§ WORK TO COMPLETE
For this exercise, retype the lines from the one that holds "Power Stop 13-18" through the one that holds "Globo - Lámpara" in the records below, both included, exactly and without pictures.

§ MATERIAL PROVIDED

■ ■ ■ ■ ■

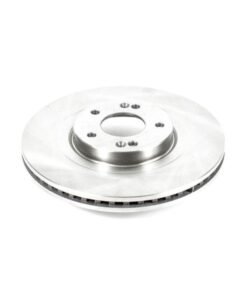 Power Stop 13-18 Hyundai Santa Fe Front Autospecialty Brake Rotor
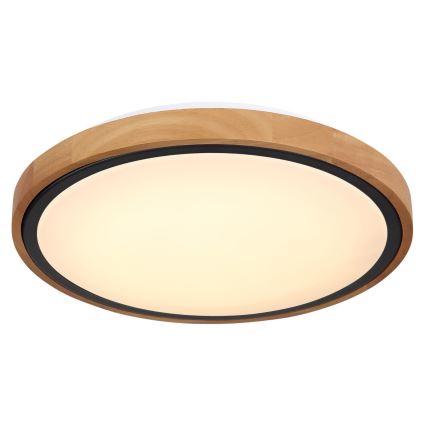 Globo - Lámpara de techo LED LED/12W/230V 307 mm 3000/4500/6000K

■ ■ ■ ■ ■

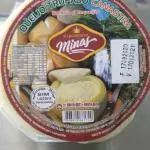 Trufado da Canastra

■ ■ ■ ■ ■

§ SOLVED EXERCISE
 Power Stop 13-18 Hyundai Santa Fe Front Autospecialty Brake Rotor
 Globo - Lámpara de techo LED LED/12W/230V 307 mm 3000/4500/6000K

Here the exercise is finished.